[Records excerpted from a collection]
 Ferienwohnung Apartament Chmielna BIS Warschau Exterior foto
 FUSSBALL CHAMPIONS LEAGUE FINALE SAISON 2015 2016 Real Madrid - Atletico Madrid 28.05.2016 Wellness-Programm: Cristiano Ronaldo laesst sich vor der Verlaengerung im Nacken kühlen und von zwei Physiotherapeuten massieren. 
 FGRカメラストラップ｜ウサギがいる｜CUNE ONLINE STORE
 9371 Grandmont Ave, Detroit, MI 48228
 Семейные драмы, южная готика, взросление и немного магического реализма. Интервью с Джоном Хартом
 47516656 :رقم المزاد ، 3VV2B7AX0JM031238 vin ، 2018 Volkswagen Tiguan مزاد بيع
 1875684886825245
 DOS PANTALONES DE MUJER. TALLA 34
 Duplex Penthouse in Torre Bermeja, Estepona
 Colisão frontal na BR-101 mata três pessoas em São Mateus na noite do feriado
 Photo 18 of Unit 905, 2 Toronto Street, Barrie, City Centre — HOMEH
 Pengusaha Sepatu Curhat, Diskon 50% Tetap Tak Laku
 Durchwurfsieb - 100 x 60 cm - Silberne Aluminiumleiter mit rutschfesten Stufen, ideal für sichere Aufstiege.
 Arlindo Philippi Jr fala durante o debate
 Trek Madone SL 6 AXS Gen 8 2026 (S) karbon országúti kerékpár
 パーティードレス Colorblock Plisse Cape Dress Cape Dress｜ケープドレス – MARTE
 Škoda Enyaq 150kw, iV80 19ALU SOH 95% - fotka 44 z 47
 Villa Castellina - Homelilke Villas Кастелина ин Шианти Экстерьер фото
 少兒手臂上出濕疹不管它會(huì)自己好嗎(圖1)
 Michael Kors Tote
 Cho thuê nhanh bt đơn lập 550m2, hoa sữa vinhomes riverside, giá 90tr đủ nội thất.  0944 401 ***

• PROBLEM DETAILS:
Among the records above, repeat exactly the line with "Photo 18 of", the line with "パーティードレス Colorblock Plisse", and every line in between, and only those.

• ANSWER FOR THE TASK:
 Photo 18 of Unit 905, 2 Toronto Street, Barrie, City Centre — HOMEH
 Pengusaha Sepatu Curhat, Diskon 50% Tetap Tak Laku
 Durchwurfsieb - 100 x 60 cm - Silberne Aluminiumleiter mit rutschfesten Stufen, ideal für sichere Aufstiege.
 Arlindo Philippi Jr fala durante o debate
 Trek Madone SL 6 AXS Gen 8 2026 (S) karbon országúti kerékpár
 パーティードレス Colorblock Plisse Cape Dress Cape Dress｜ケープドレス – MARTE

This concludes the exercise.